Supreme Court Affirms AT&T’s Limitation of Pension Benefits
The issue in AT&T Corp. v. Hulteen, 129 S. Ct. 1962 (May 18, 2009) was whether AT&T miscalculated retirement benefits for employees by not conferring full credit for maternity leaves taken before 1979, when the Pregnancy Discrimination Act (“PDA”) became effective. During that period, the company policy permitted pregnancy leave but granted retirement credit for a maximum of 30 days of pregnancy leave. For periods after the PDA, AT&T recalculated plaintiffs’ pregnancy leaves to give credit for all pregnancy leave time, but for pre-PDA periods AT&T retained the 30-day credit limit.
The Supreme Court, by 7-2 vote, rejected plaintiffs’ arguments, relying on the provision in Title VII that allows employers to make pension calculations based on a “bona fide seniority system.” The plaintiffs had argued that the recently-enacted Lilly Ledbetter Law supported their position since it allows employees whose pay was unlawfully reduced by sex discrimination in the past to sue based on current pay checks that reflected the effect of past discrimination.

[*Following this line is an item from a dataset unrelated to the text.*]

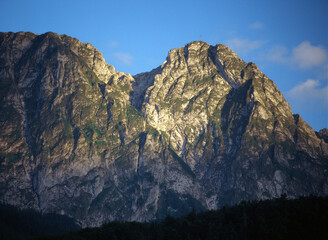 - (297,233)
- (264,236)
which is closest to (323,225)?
(297,233)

The Court rejected this argument, finding that AT&T’s actions before 1979 were lawful, and, therefore, the plaintiffs were not affected by a prior unlawful practice. As the Court noted: “Although adopting a service credit unfavorable to those out on pregnancy would violate Title VII today, a seniority system does not necessarily violate the statute when it gives current effect to such rules that operated before the PDA” became effective.
The dissenting opinion of Justice Ginsburg would have found a violation on the theory that AT&T committed a current violation of Title VII by basing pension credits on policies that, although lawful at the time, were unlawful when pension payments began to be made.